We used a fibula osteotomy model with associated damage to lateral compartment muscles (fibularis longus and brevis) in mice to test the hypothesis that blocking active myostatin with systemic injections of a recombinant myostatin propeptide would improve muscle and bone repair. Mice were assigned to two treatment groups after undergoing a fibula osteotomy: those receiving either vehicle (saline) or recombinant myostatin propeptide (20 mg/kg). Mice received one injection on the day of surgery, another injection 5 days after surgery, and a third injection 10 days after surgery. Mice were killed 15 days after the osteotomy procedure. Bone repair was assessed using microcomputed tomography (micro-CT) and histologic evaluation of the fracture callus. Muscle healing was assessed using Masson trichrome staining of the injury site, and image analysis was used to quantify the degree of fibrosis and muscle regeneration.
Three propeptide injections over a period of 15 days increased body mass by 7% and increased muscle mass by almost 20% (p < 0.001). Micro-CT analysis of the osteotomy site shows that by 15 days postosteotomy, bony callus tissue was observed bridging the osteotomy gap in 80% of the propeptide-treated mice but only 40% of the control (vehicle)-treated mice (p < 0.01). Micro-CT quantification shows that bone volume of the fracture callus was increased by ∼ 30% (p < 0.05) with propeptide treatment, and the increase in bone volume was accompanied by a significant increase in cartilage area (p = 0.01). Propeptide treatment significantly decreased the fraction of fibrous tissue in the wound site and increased the fraction of muscle relative to fibrous tissue by 20% (p < 0.01).
Blocking myostatin signaling in the injured limb improves fracture healing and enhances muscle regeneration.
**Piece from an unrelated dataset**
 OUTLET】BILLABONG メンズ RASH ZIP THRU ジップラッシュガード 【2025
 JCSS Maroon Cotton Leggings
These data suggest that myostatin inhibitors may be effective for improving wound repair in cases of orthopaedic trauma and extremity injury.
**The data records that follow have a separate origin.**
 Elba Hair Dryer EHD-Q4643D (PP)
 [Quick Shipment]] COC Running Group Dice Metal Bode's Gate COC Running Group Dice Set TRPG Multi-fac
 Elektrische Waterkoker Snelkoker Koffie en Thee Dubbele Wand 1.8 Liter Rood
肌肉生长抑制素(生长分化因子8)是一种已知的肌肉生长和发育的强效抑制剂,且在骨折愈合过程早期也有表达。本研究的目的是验证一种新的肌肉生长抑制素抑制剂——重组肌肉生长抑制素前肽,能否在深度穿透伤情况下促进肌肉和骨骼的修复与再生这一假说。
我们使用小鼠腓骨截骨模型,该模型伴有外侧肌间隔肌肉(腓骨长肌和腓骨短肌)损伤,以验证通过全身注射重组肌肉生长抑制素前肽阻断活性肌肉生长抑制素可改善肌肉和骨骼修复这一假说。小鼠在接受腓骨截骨术后被分为两个治疗组:一组接受赋形剂(生理盐水),另一组接受重组肌肉生长抑制素前肽(20毫克/千克)。小鼠在手术当天接受一次注射,术后5天接受第二次注射,术后10天接受第三次注射。在截骨术后15天处死小鼠。使用微型计算机断层扫描(显微CT)和骨折痂的组织学评估来评估骨修复情况。使用损伤部位的Masson三色染色评估肌肉愈合情况,并通过图像分析量化纤维化程度和肌肉再生情况。
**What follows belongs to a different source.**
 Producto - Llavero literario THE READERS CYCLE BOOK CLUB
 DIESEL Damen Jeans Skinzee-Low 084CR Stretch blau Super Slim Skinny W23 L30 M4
在15天内进行三次前肽注射使体重增加了7%,肌肉质量增加了近20%(p<0.001)。对截骨部位的显微CT分析显示,截骨术后15天时,在接受前肽治疗的小鼠中,有80%观察到骨痂组织桥接了截骨间隙,而在接受对照(赋形剂)治疗的小鼠中这一比例仅为40%(p<0.01)。显微CT定量分析显示,前肽治疗使骨折痂的骨体积增加了约30%(p<0.05),并且骨体积的增加伴随着软骨面积的显著增加(p = 0.01)。前肽治疗显著降低了伤口部位纤维组织的比例,相对于纤维组织,肌肉比例增加了20%(p<0.01)。
阻断受伤肢体中的肌肉生长抑制素信号可改善骨折愈合并增强肌肉再生。这些数据表明,肌肉生长抑制素抑制剂可能对改善骨科创伤和肢体损伤情况下的伤口修复有效。